(Dataset records)

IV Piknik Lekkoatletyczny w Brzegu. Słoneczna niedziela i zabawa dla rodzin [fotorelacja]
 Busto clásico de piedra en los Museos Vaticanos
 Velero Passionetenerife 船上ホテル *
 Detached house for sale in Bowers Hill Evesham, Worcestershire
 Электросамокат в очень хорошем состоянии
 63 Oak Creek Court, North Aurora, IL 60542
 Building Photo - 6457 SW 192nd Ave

(End Dataset records)

▶ **Exercise**
The records need to be reproduced in their entirety, word for word.

▶ **Result below**
IV Piknik Lekkoatletyczny w Brzegu. Słoneczna niedziela i zabawa dla rodzin [fotorelacja]
 Busto clásico de piedra en los Museos Vaticanos
 Velero Passionetenerife 船上ホテル *
 Detached house for sale in Bowers Hill Evesham, Worcestershire
 Электросамокат в очень хорошем состоянии
 63 Oak Creek Court, North Aurora, IL 60542
 Building Photo - 6457 SW 192nd Ave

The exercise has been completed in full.